Boise State University isn’t holding back about the College of Western Idaho.
And specifically, the two-year college’s proposal to offer its first four-year degree.
In written comments to the State Board of Education, Boise State minced no words. CWI’s two-year graduation rate is “dismal,” and branching into a bachelor’s program won’t help. CWI’s claim that its four-year business degree serves a new higher education market is “inaccurate, unsupported and frankly outright misleading.” And CWI “has not reached out” to Boise State about its idea.
Boise State’s comments are uncommonly blunt, but not isolated. The University of Idaho and Lewis-Clark State College also oppose the CWI proposal, saying it duplicates existing bachelor’s programs. Idaho State University did not submit comments to the State Board.
The rift between CWI and the four-year schools leaves the State Board in the middle. In December, the board will decide whether to approve CWI’s plan to offer a bachelor of applied science degree in business administration, starting next fall. It would be CWI’s first four-year degree. It also would be only the second bachelor’s degree offered by an Idaho community college; the College of Southern Idaho offers an operations management degree aligned with the food processing industry.
Earlier this month, CWI trustees unanimously endorsed the business bachelor’s program.
A bachelor of applied science degree differs from a traditional bachelor’s degree, since students can put career-technical education courses toward their 120-credit requirement. CWI says it can offer a bachelor’s at a lower cost — about $20,000 in tuition. And college officials say their program would cater to students unlikely to pursue a traditional four-year degree: older students; students who have taken CTE courses; and high school graduates who are worried about the cost of four-year school.
However, all four of Idaho’s four-year schools offer business administration degrees. And in their comments to the State Board — their formal response to the CWI proposal — competition was a recurring theme.
“Boise State is offering a wide variety of flexible degrees in business or with business focus and that the assertion that ‘CWI is poised to reach a market that is underserved by four-year institutions’ is inaccurate, unsupported and frankly outright misleading,” Boise State wrote.
Like Boise State, Lewis-Clark invoked “systemness.” This is the word State Board members frequently use to describe a collaborative higher ed network with limited overlap.
The U of I suggests a Plan B: a joint program that would give CWI’s place-bound Treasure Valley graduates a “smooth transfer pathway” into a U of I online bachelor’s program.
At several points, Boise State’s written comments struck an almost personal tone.

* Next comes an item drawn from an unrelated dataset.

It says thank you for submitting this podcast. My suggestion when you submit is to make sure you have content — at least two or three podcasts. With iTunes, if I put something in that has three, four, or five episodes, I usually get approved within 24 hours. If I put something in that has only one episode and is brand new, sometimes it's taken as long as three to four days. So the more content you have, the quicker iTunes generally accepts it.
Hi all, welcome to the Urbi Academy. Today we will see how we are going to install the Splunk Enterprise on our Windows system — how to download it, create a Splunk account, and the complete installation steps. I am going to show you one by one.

While saying CWI might be its most important education partner in the state, Boise State also pointed out that CWI’s on-time, two-year graduation rate is 14%, the lowest in the state. “Simply offering a four-year program … will not move the needle on graduation rates.”

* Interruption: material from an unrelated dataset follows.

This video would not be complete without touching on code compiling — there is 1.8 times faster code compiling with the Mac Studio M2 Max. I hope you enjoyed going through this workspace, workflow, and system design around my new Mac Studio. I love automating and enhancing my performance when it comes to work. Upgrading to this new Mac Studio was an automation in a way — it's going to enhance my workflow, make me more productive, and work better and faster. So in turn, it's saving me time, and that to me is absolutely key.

Boise State also sounded blindsided by the proposal. “CWI has chosen not to collaborate with their closest neighbor.”
On Monday, CWI said the four-year schools were responding to an earlier version of the bachelor’s proposal, and the college says it has used the criticisms to “refine” its proposal. CWI also took issue with Boise State’s graduation rates comments, noting that 27% of students graduate within three years, a rate on par with other Idaho community colleges and slightly below the national average.
CWI also released letters of support for the proposal, with signees including the Nampa Chamber of Commerce; Ball Ventures Ahlquist CEO Tommy Ahlquist; and Jamie Scott, president of the J.A. and Kathryn Albertson Family Foundation.
The CWI proposal isn’t the only bachelor’s program on the State Board’s docket — and it isn’t the only proposal facing pushback from the four-year schools.
The College of Eastern Idaho also has proposed adding a four-year degree in operations management. Idaho State says the program would overlap with programs it already offers, less than an hour’s drive from CEI’s Idaho Falls campus.
“CEI’s proposed degree, if approved, would constitute a wasteful duplication of programming resulting in the inefficient use of taxpayer resources,” Idaho State said in its comments to the State Board.
Disclosure: Idaho Education News is funded through a grant from the J.A. and Kathryn Albertson Family Foundation.